Wednesday, October 8, 2008

Wednesday Math, Vol. 42: Edsger Dijkstra

I have already discussed several important characters in the history of computer science, including a couple of geniuses present at the creation, Alan Turing and John Von Neumann, as well as the guy who produced the definitive text so far Donald Knuth, the only mathematician I have discussed whom I've actually met. Today, I want to take some time to talk about the great Dutch mathematician and computer scientist Edsger Dijkstra, whose name graces Dijkstra's Algorithm, the method for finding the shortest distance between any two points on a road map. Besides this very useful and simple method, Dijkstra is also known for several quotes and stories, which I will share here.

My favorite Dijkstra anecdote illustrates how much the world has changed in the past fifty years. Dijkstra got married back in the 1950's, and when he went to get his marriage license, he put down as his profession "computer programmer". The clerk looked at him askance. "Nobody programs computers for a living.
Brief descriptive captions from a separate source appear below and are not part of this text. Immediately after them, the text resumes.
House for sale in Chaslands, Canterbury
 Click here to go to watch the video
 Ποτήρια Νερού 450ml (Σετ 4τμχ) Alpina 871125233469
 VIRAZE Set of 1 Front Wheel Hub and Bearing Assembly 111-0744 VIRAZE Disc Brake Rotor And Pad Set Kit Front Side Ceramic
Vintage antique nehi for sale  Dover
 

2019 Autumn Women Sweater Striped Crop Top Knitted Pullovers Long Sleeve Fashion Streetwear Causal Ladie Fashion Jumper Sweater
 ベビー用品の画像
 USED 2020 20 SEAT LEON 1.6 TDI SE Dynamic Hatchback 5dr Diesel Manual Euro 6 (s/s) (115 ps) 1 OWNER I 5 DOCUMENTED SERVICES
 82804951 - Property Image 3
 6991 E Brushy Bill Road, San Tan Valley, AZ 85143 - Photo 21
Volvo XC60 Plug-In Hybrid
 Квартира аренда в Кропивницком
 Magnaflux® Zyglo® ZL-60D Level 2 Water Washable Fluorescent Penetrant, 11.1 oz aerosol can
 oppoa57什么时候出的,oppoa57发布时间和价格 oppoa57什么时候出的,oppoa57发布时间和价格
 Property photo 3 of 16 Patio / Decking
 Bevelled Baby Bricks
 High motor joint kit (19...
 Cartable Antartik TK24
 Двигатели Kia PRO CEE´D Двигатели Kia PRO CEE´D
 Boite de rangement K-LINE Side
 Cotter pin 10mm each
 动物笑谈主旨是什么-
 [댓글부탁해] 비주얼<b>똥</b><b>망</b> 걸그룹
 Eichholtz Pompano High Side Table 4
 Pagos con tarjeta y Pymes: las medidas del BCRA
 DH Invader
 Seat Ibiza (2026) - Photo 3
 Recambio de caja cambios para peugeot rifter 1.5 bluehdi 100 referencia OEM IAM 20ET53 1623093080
What do you really do?" Dijkstra crossed it out and wrote "theoretical physicist", which satisfied the clerk as a real job.

Here are some of his better known quotes about computer science.

Computer Science is no more about computers than astronomy is about telescopes.

The use of COBOL cripples the mind; its teaching should, therefore, be regarded as a criminal offense.

(He was just as keenly against the languages BASIC and Fortran.)

Object-oriented programming is an exceptionally bad idea which could only have originated in California.

(Preach on, professor! I'm right there behind you.)

Program testing can be used to show the presence of bugs, but never to show their absence!

Here's a picture of today's guest of honor. Ain't he a good lookin', tweedy and frankly elitist lookin' son of a gun? When you have someone doin' a difficult job that requires serious trainin', wouldn't you prefer someone who is elite?

Just sayin'.

He was once asked what he would like to be remembered for and this was his answer.

I mean, if 10 years from now, when you are doing something quick and dirty, you suddenly visualize that I am looking over your shoulders and say to yourself "Dijkstra would not have liked this", well, that would be enough immortality for me.

While I have great admiration for Professor Dijkstra, I'm afraid he would shudder at the way I program. Even worse than COBOL or BASIC, I wrote assembly language code for cash, and readability and elegance often take a back seat to getting the job done. When I write a program now, it's in C, and I still have an assembly language programmer's mentality, which isn't so bad when no one else is responsible to fix or alter the program.

But that mentality can be summed up in three short sentences.

Screw readability. To hell with elegance. Let's go fast!


CDP said...

I always learn something here.

ken said...

Love his comment on object oriented programming. Too bad Simula was actually developed in Oslo.

Nothing wrong with having an assembly programmer's mindset, as long as it's not the only tool in your toolbox. Cure yourself by learning something radically different, like ML.

dguzman said...

I like his quote on program testing. It reminds me of the danger of making assumptions based on one's idea of having control of a system (a big theme in Jurassic Park, BTW). Nice work, Matty Boy.